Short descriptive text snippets
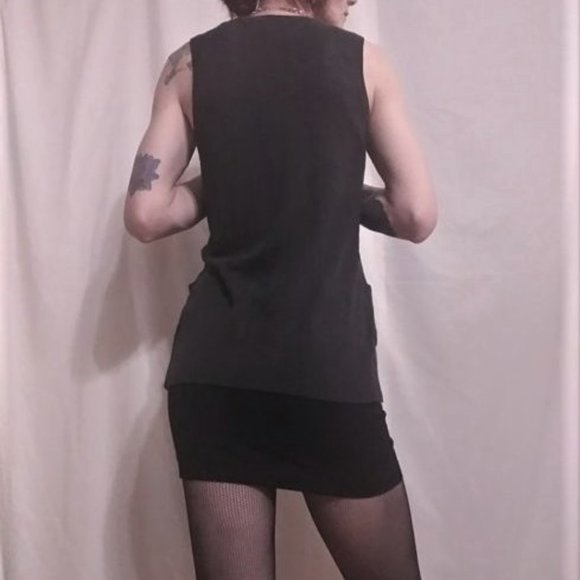 Buttoned Sweater Vest - Picture 2 of 8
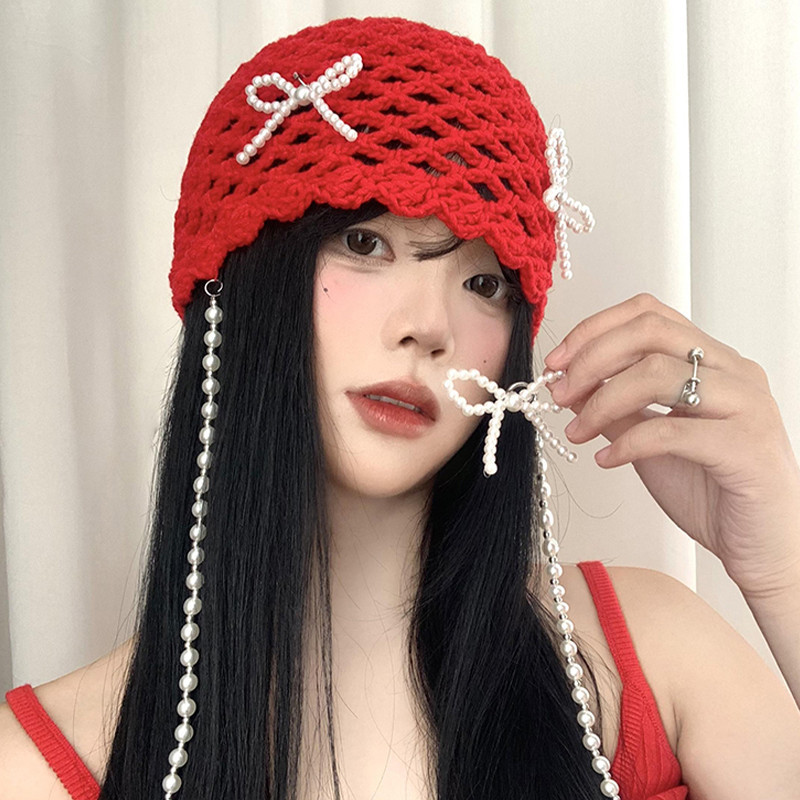 สไตล์เกาหลีมุกกุทัณฑ์สีแดงเป่าโถวหมวกหญิงย้อนยุคกลวงเสื้อสวมหัวหมวกเส้นรอบวงหัวใหญ่ขนาดเล็กใบหน้าถักหมวก
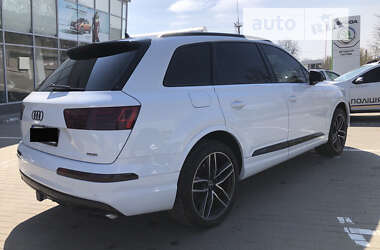 Позашляховик / Кросовер Audi Q7 2016 в Києві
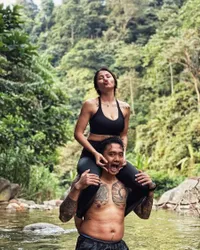 8 Potret Mesra Uus dan Istri yang Hot dan Tak Tersorot, Sering Bikin Para Pria Iri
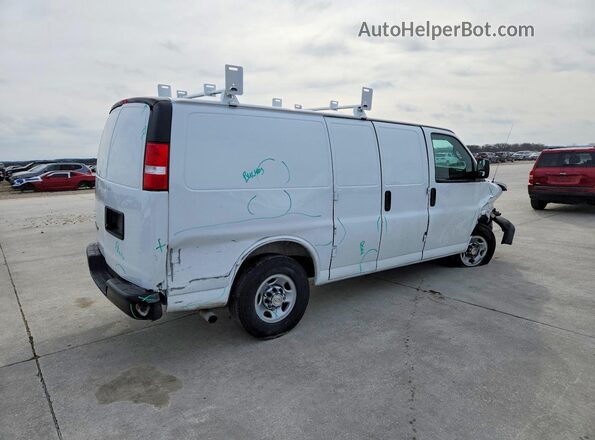 1GCWGAFP4S1209593 2025 CHEVROLET EXPRESS White Tył prawy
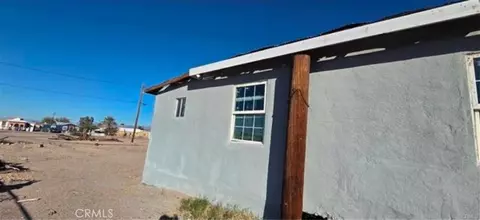 212 Gilman St, Needles, CA 92363 photo 2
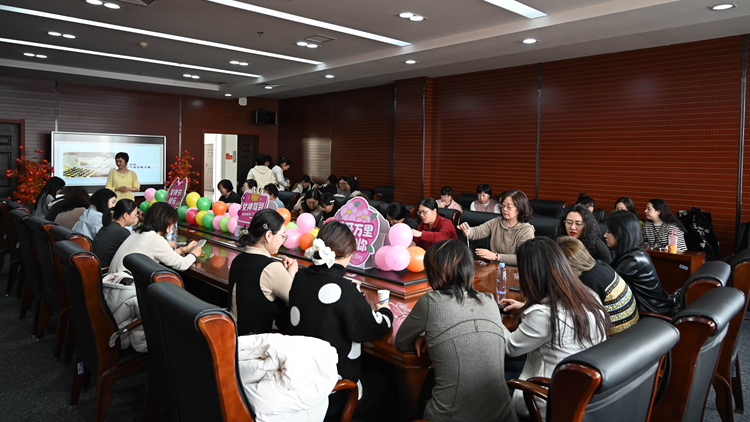 “香遇芳华手作美好”我校举办女教职工车载香薰DIY活动庆祝“三八”妇女节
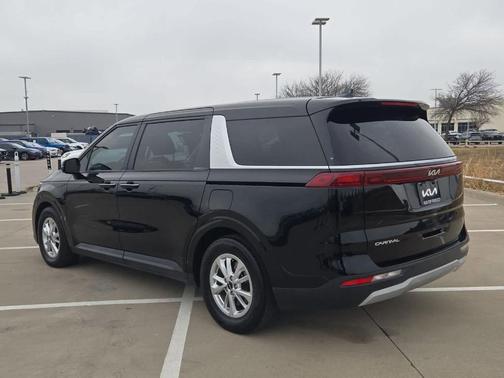 2023 Kia Carnival LX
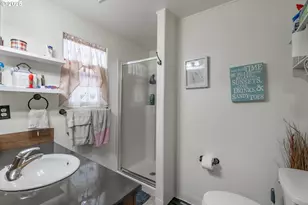 4560 Airport Ln, Sweet Home, OR 97386 - Photo 12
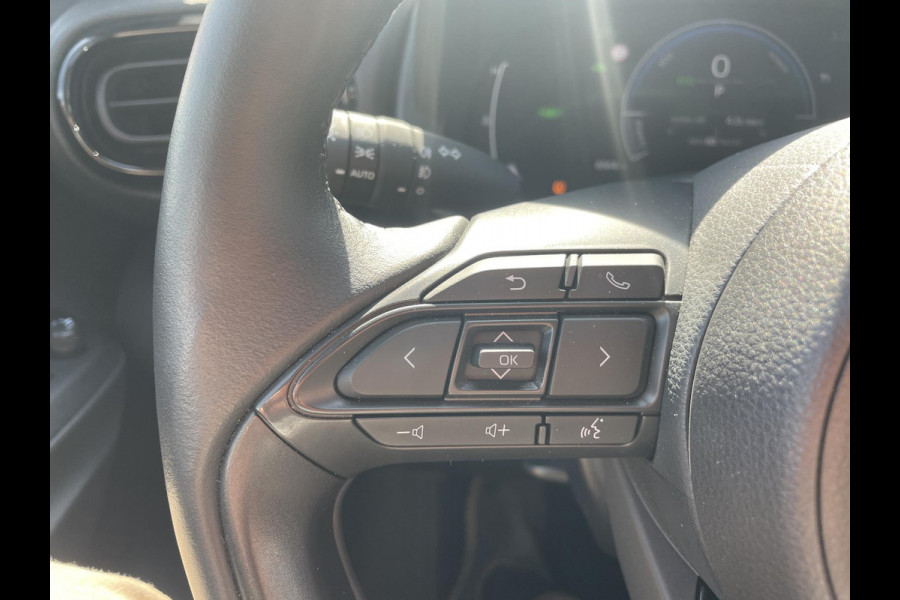 Toyota Yaris 1.5 Hybrid 115 Dynamic Luxury | Stuur- & Stoelverwarming | Parkeersensoren | Adaptieve Cruise Control | BSM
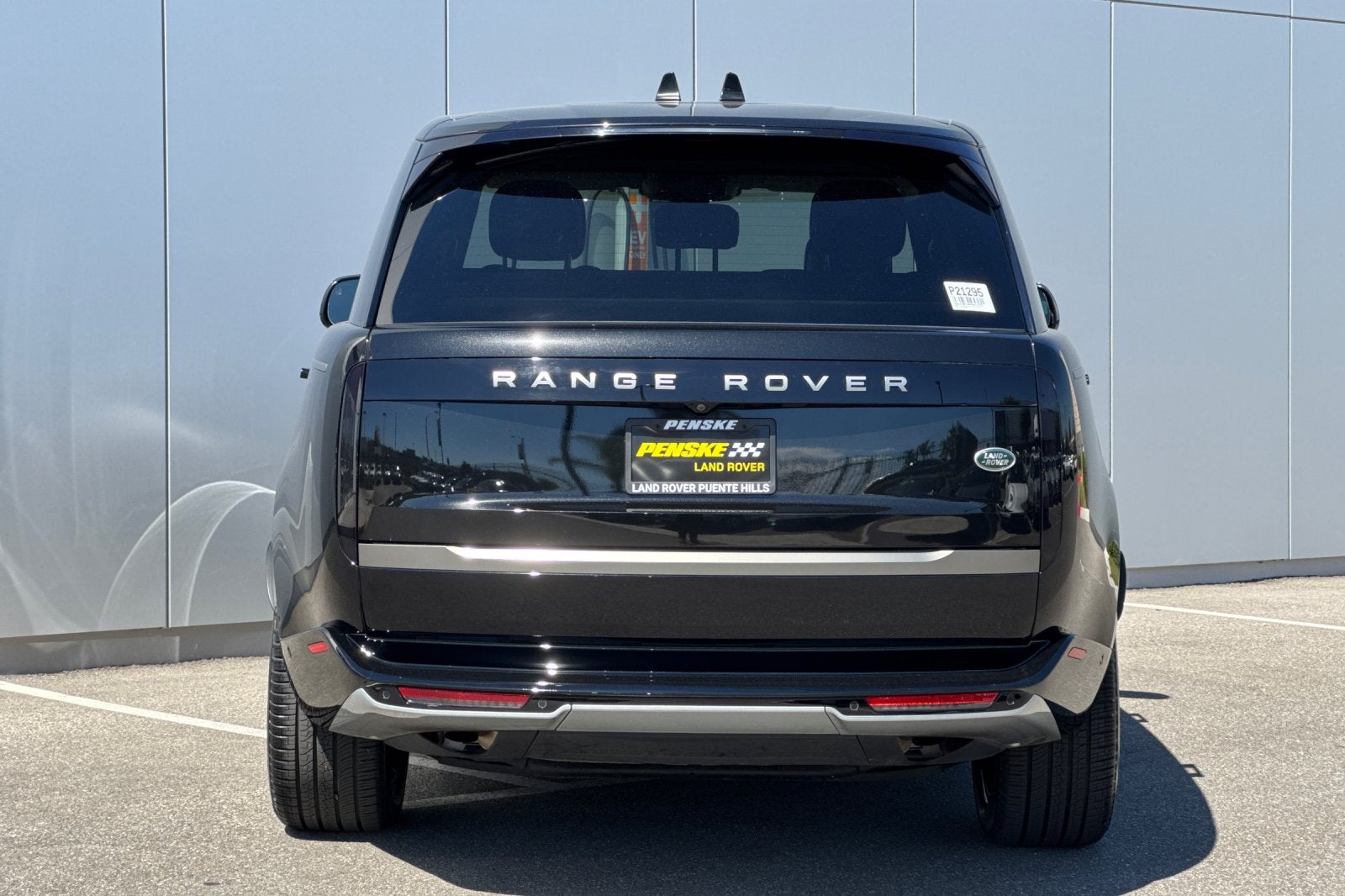 2023 Land Rover Range Rover SE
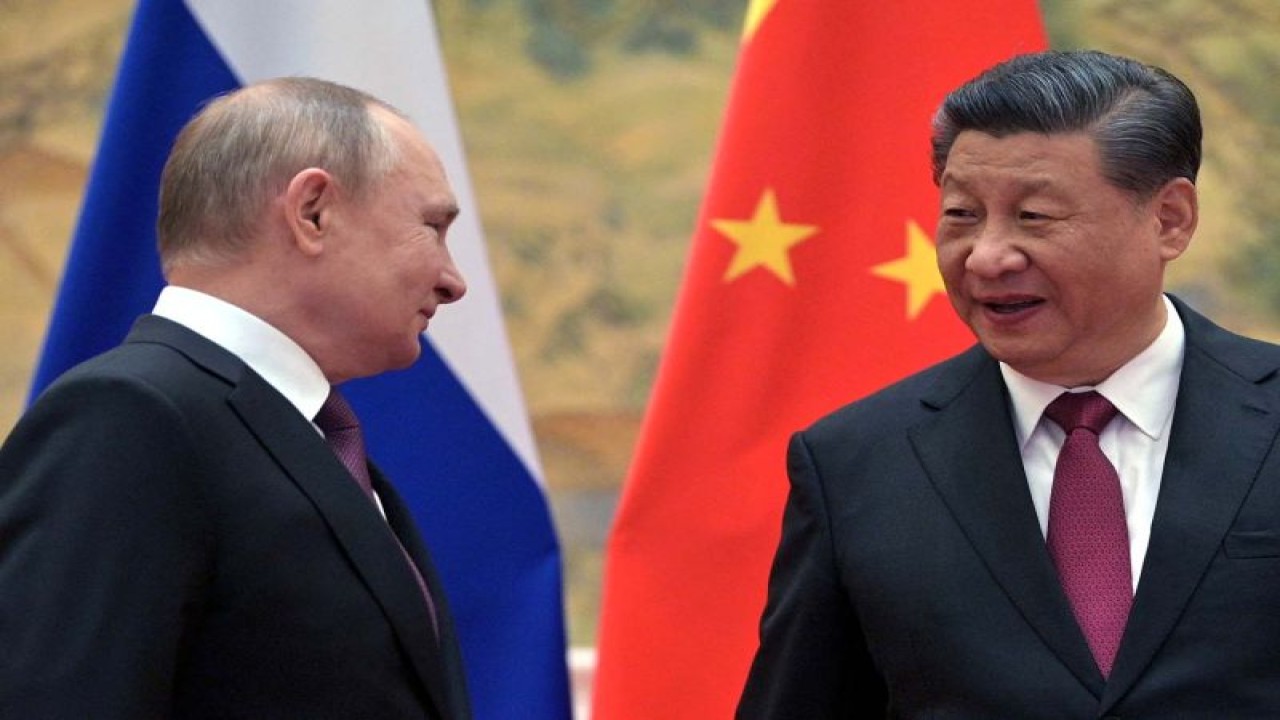 Presiden Rusia Vladimir Putin menghadiri pertemuan dengan Presiden China Xi Jinping di Beijing, China, Jumat (4/2/2022). ANTARA FOTO/Sputnik/Aleksey Druzhinin/Kremlin via REUTERS/AWW/djo (via REUTERS/SPUTNIK)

WORK TASK - Restate word for word every line from the one with "สไตล์เกาหลีมุก" up to and including the one with "4560 Airport Ln, Sweet" in the records above, minus the pictures.

REPLY TO THE TASK -
 สไตล์เกาหลีมุกกุทัณฑ์สีแดงเป่าโถวหมวกหญิงย้อนยุคกลวงเสื้อสวมหัวหมวกเส้นรอบวงหัวใหญ่ขนาดเล็กใบหน้าถักหมวก
 Позашляховик / Кросовер Audi Q7 2016 в Києві
 8 Potret Mesra Uus dan Istri yang Hot dan Tak Tersorot, Sering Bikin Para Pria Iri
 1GCWGAFP4S1209593 2025 CHEVROLET EXPRESS White Tył prawy
 212 Gilman St, Needles, CA 92363 photo 2
 “香遇芳华手作美好”我校举办女教职工车载香薰DIY活动庆祝“三八”妇女节
 2023 Kia Carnival LX
 4560 Airport Ln, Sweet Home, OR 97386 - Photo 12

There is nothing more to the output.